Nüfus Müdürlüğünün döşemeleri ve kapı eşiği tahtaydı. Eşik o kadar aşınmıştı ki, oradan bu devlet dairesinin ne kadar çok çalıştığını anlamak kolaydı. Uzun süre kendisine memur bey diyenleri, hep düzeltmeye çalıştı. Kolay olmayacağını farkedince vazgeçti. Çünkü tek bayan memur kendisiydi. Bir gün çok yaşlı bir teyze, bu tahta döşemeleri görüp ayakkabılarını çıkararak, içeri girmeye kalkınca, arkadaşım dayanamayıp gidip teyzeyi içeri aldı. O an bu güzel, saf ve temiz insanlara her gün yardım etmeye ve hiç birini kıygın bırakmamaya karar verdi.

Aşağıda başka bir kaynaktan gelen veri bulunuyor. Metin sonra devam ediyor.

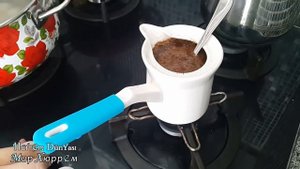 Как мы варили турецкие манты :) Правильный турецкий соус.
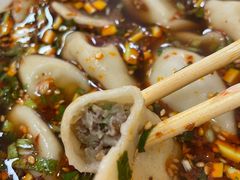 -尤素福东举院饺子馆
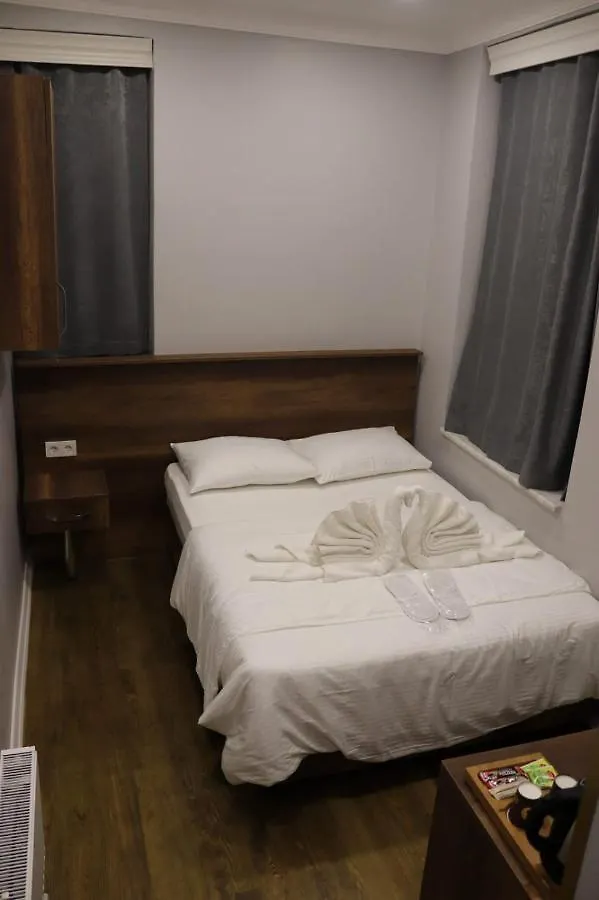Hotel Moonlight Hotel&Hostel Istanbul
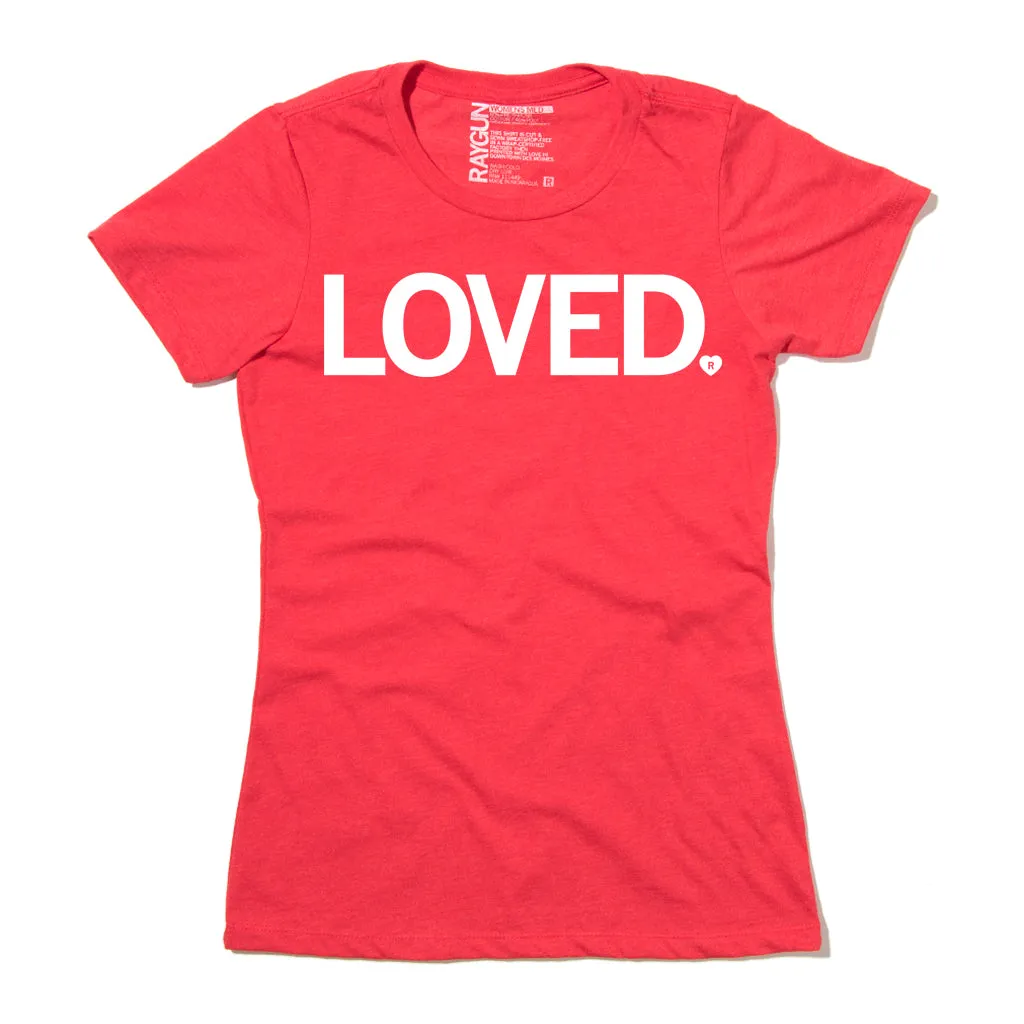 Loved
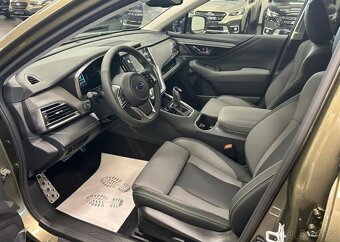 Subaru Outback 2.5 FIELD 2025 nove 124 kw2 - 15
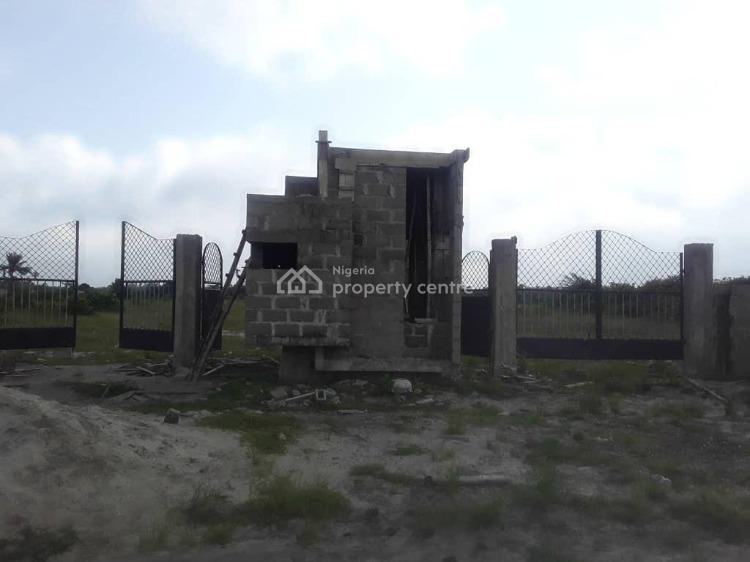 Gated Affordable Properties, Lepia Town, Ibeju Lekki, Lagos, Mixed-use Land for Sale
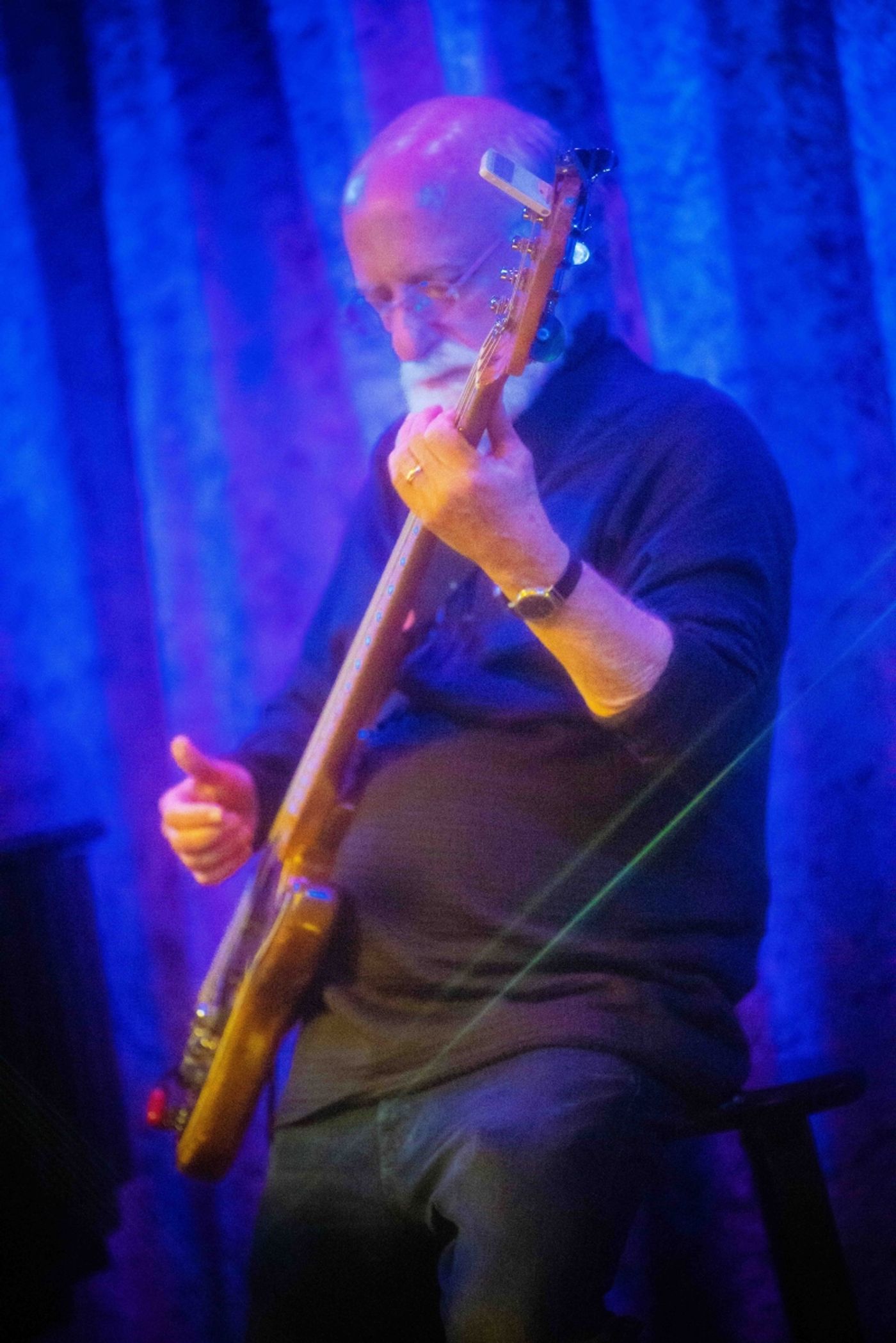 Photos: September 5th THE LINEUP WITH SUSIE MOSHER at Birdland Theater By Photographer Matt Baker  Image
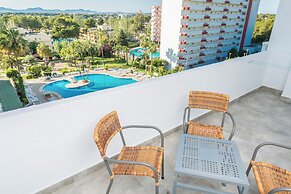 Apartamentos Siesta I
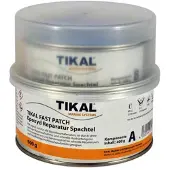 Tikal Hurtig Herdende Epoxy Kitt 600g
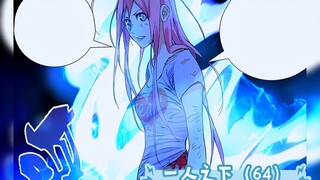 一人之下（ 64 ）绝不妥协，陆玲珑是不是你的爱？！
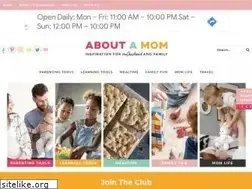 Sites similar to aboutamom.com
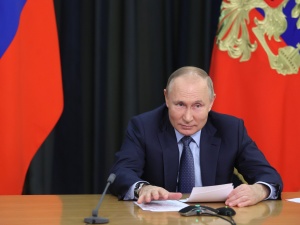 „Po rozmowie Biden–Putin Kongres USA usunął z budżetu sankcje wobec Nord Stream 2”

Belkız, artık doğru zamanda, doğru yerde olduğuna emindi. Çalıştığı uzun yıllarda, o kadar çok hatalara tanık oldu ki, kendi adında yapılan bu küçük yanlış önemini yitirdi. On üç yıllık çalışma hayatında, bayan olduğu için, her zaman haksızlıklara dayanmak zorunda kalmasına karşın, işini hep çok sevdi ve hiç kimsenin yanlış isimlerle çağrılmasına izin vermedi.
YORUMLAR
Ülkemizde traji komik olaylar o kadar çok ki....
Aklımızı kullanmayan bir toplumuz diyeceğim benimde başıma iş açılacak biliyorum ama ne diyem gerçek bu.
Uygun kişiyi uygun işte çalıştırmak, uygun öğrenciye uygun eğitimi verip uygun meslek kazandırmak bu kadar mı zor
Hayret ettim hep
Belkıs hanım Dilerim ALLAHTAN bundan sonraki kalan ömrünüzde karşınıza engeller çıkmaz.Tahmin ediyorum şu an 50 veya 55 yaşları arasında bir bayansınız,çektiğiniz sıkıntılar ,anlatımlarınız onu ima ediyor.Bu çileli tollarda benimde ayaklarıma çok dikenler battı,çok canım yandı.Fakat hayat devam ediyor,yılmayın devam edin.Çok şükür şimdi 60 yaşına geldik,kalan ömrü heder etmeyeli.Evlatta yalan,mal da yalan,,servette yalan,hayatınızı yaşayın,kendi benliğinizi öne alın.Esen kalın efendim.